> **What needs to be done**: Exact reproduction of the data is required, with images excluded.

> **Source data**:
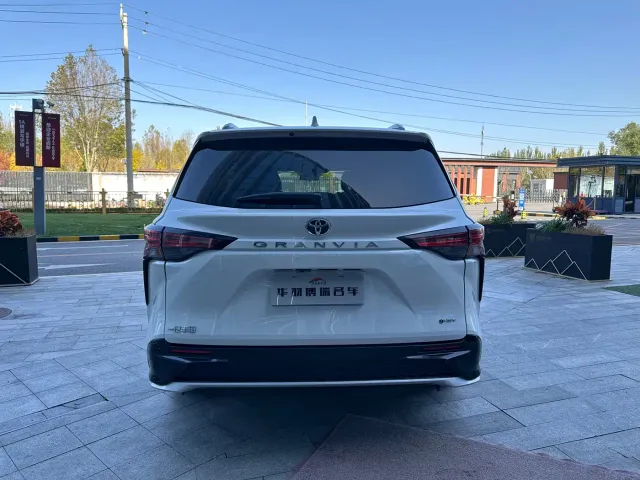 Toyota Granvia — Фото автомобиля 14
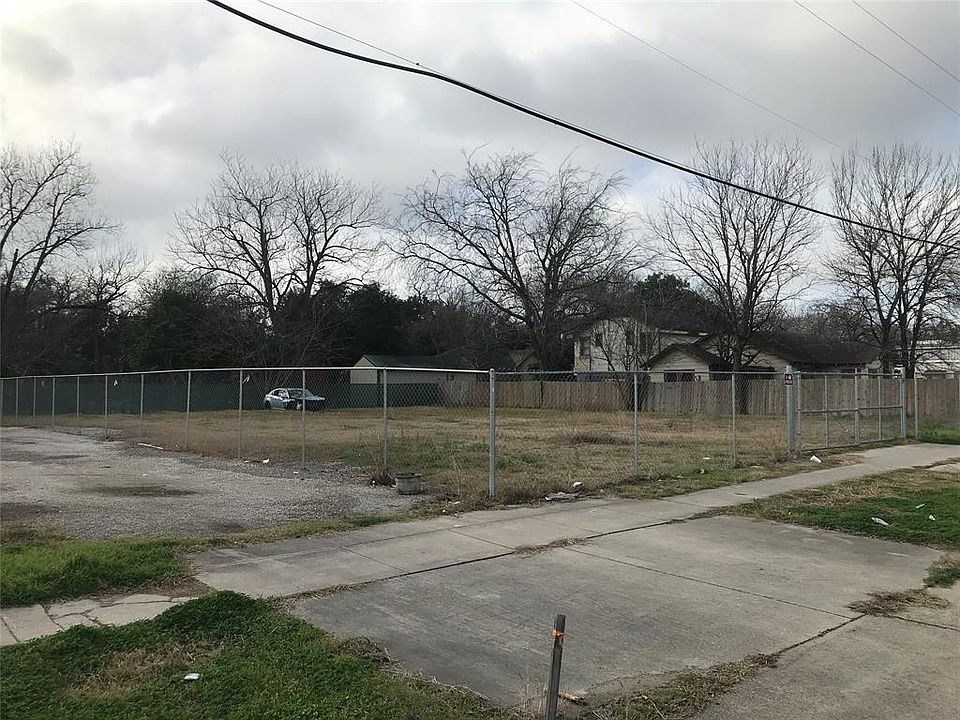 1st image of 7127 N Shepherd Dr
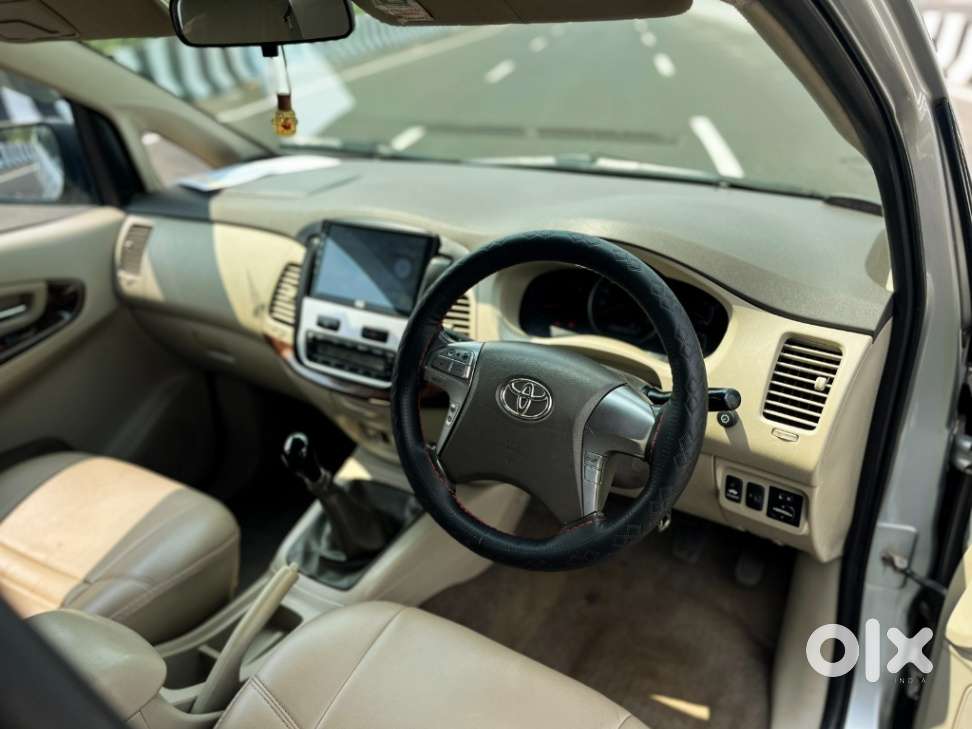 Toyota Innova 2.5 Vx 7 Str, 2015, Diesel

> **Task solution**:
 Toyota Granvia — Фото автомобиля 14
 1st image of 7127 N Shepherd Dr
 Toyota Innova 2.5 Vx 7 Str, 2015, Diesel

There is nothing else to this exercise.